By Daniel Kruger and Cordell Eddings
Nov. 19 (Bloomberg) -- Treasuries rose, led by longer-term securities, after a government report showed consumer prices dropped in October by the most on record.
The difference between yields on 10-year Treasury Inflation Protected Securities and conventional notes, which reflects the outlook for consumer prices, was 38 basis points, near the least since Bloomberg began tracking the data in 1998. Two-year yields touched the lowest since 2003 as traders bet the Federal Reserve will cut interest rates to spur the economy. The Fed reduced its forecasts for growth and employment in 2009.
``The theme now seems to be one of deflation,'' said Tom di Galoma, head of U.S. Treasury trading at Jefferies & Co., a brokerage for institutional investors in New York. ``That's the fear at this point. That almost makes bonds look cheap.''
The benchmark 10-year yield tumbled 16 basis points, or 0.16 percentage point, to 3.36 percent at 4:17 p.m. in New York, according to BGCantor Market Data. It touched 3.35 percent, the lowest since Sept. 17, when the U.S. rescued insurer American International Group Inc. The 3.75 percent security due November 2018 climbed 1 3/8, or $13.75 per $1,000 face amount, to 103 1/4, gaining for a fourth day. The 30-year bond's yield dropped 17 basis points, the most since Sept. 29, to 3.95 percent.
The yield on the two-year note fell five basis points to 1.08 percent after earlier touching 1.06 percent, the lowest level since June 13, 2003. Rates on three-month bills touched 0.06 percent, the lowest since Sept. 19.
Fed Lowers Estimates
``We crammed into bills until there was no yield there,'' said Brian Edmonds, head of interest rates at Cantor Fitzgerald LP in New York, one of 17 primary dealers that trade with the Fed. ``We've kind of moved into two-year notes, but we're at a point where there's not much yield left there. The cash flows continue to be defensive.''
Fed policy makers at their meeting Oct. 28-29 predicted the U.S. economy will contract through the middle of 2009, and some were prepared to cut interest rates further in response, according to meeting minutes that were released today.
The central bank predicts growth next year of between negative 0.2 percent and 1.1 percent next year, compared with the range of 2 percent to 2.8 percent it had forecast in June, according to the records.
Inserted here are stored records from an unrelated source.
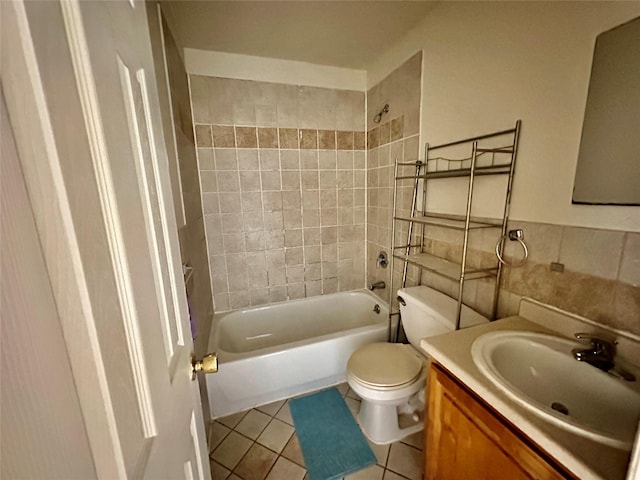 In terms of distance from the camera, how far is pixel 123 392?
355 mm

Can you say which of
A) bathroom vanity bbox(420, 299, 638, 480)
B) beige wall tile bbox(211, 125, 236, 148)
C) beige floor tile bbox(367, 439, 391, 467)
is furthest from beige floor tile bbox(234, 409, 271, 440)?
beige wall tile bbox(211, 125, 236, 148)

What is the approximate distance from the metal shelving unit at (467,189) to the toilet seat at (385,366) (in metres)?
0.39

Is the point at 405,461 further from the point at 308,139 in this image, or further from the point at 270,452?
the point at 308,139

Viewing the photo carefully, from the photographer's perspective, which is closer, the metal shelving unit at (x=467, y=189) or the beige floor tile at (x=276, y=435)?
the metal shelving unit at (x=467, y=189)

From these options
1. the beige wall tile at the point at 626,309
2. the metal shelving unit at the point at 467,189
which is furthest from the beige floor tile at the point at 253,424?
the beige wall tile at the point at 626,309

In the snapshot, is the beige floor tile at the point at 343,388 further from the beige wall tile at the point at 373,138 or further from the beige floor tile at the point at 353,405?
the beige wall tile at the point at 373,138

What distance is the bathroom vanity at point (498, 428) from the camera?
22.7 inches

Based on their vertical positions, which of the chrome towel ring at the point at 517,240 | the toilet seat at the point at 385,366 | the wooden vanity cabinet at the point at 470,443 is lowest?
the toilet seat at the point at 385,366

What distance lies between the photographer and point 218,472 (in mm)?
1356

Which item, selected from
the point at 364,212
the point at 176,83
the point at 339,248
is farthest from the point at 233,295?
the point at 176,83

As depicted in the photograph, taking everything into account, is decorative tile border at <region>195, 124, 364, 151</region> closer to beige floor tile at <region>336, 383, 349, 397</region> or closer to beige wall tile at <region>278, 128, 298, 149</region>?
beige wall tile at <region>278, 128, 298, 149</region>

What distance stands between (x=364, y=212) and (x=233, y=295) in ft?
4.59

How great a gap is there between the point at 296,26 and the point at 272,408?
2.44 meters

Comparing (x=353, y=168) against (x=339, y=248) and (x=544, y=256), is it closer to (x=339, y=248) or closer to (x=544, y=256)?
(x=339, y=248) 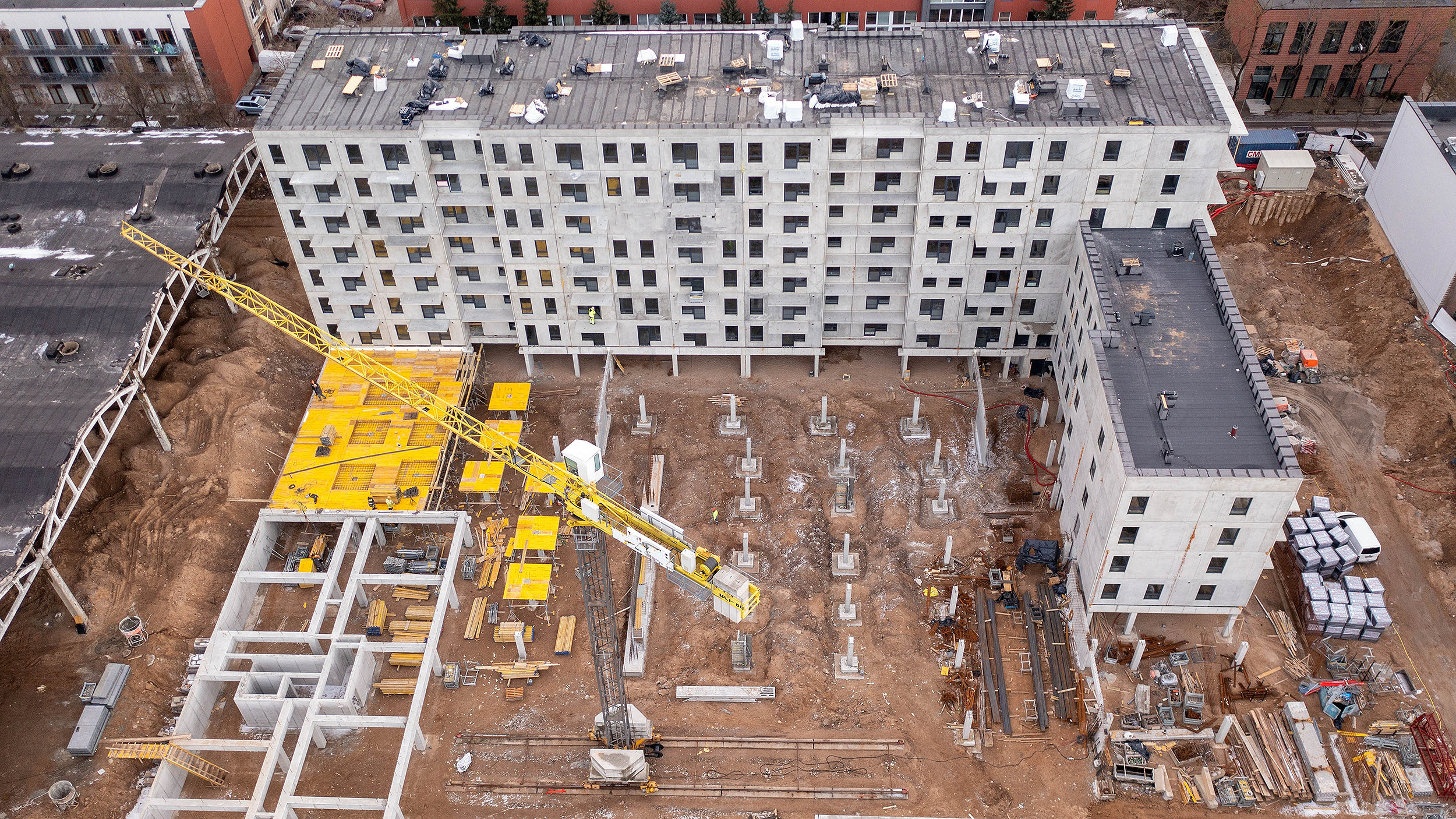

The jobless rate is projected to be 7.1 percent to 7.6 percent.
Stocks fell, with the Standard & Poor's 500 Index losing 6.1 percent. It has dropped 20 percent since Nov. 4, the day Barack Obama was elected president.
Consumer prices plunged 1 percent last month, more than forecast and the most since records began in 1947, a Labor Department report showed. A Commerce Department report showed housing starts fell in October to an annual rate of 791,000, the lowest since records began in 1959.
30-Year Swap Rate
The price to exchange, or swap, floating for fixed-rate payments for 30 years fell below the yield on similar maturity Treasury bonds by the most ever as dealers hedged against risk related to derivatives. The yield on the 30-year Treasury bond was as much as 33 basis points higher than the 30-year swap rate. The swap rate has remained below the long bond's yield since Nov. 5.
Traders who needed to hedge derivatives contracts drove down long-dated interest-rate swap rates, which contributed to the rally in 10- and 30-year government debt, said Andrew Brenner, co-head of structured products and emerging markets in New York at MF Global Inc.
The gap between 10-year swaps and the 10-year Treasury note yield reached as low as 31 basis points, the most narrow since May 2003.
`Powerful Forces'
Traders exiting bets that the gap between the 10-year and 30-year interest-rate swap rates would widen may also be driving the 30-year swap rate lower, said Eric Liverance, head of derivatives strategy in Stamford, Connecticut at UBS Securities LLC, another primary dealer.
``These are powerful forces,'' Liverance said. ``You'd better get out of the way, or you're going to get run over.''
Futures on the Chicago Board of Trade show a 100 percent chance the central bank will reduce the 1 percent target rate for overnight bank loans by at least a half-percentage point at its Dec. 16 meeting. Odds of a three-quarter-point cut rose to 20 percent, from 12 percent yesterday.
The breakeven rate on two-year notes, which shows the difference in yield between inflation-protected bonds and nominal bonds, fell to a negative 3.84 percentage points, indicating traders are betting that slumping economic growth may lead to deflation over the next two years.
Yield Spread
The difference in yield between two- and 10-year notes narrowed for a fourth day, to 2.29 percentage points, reflecting bets that lower inflation expectations will support real returns in longer-dated bonds.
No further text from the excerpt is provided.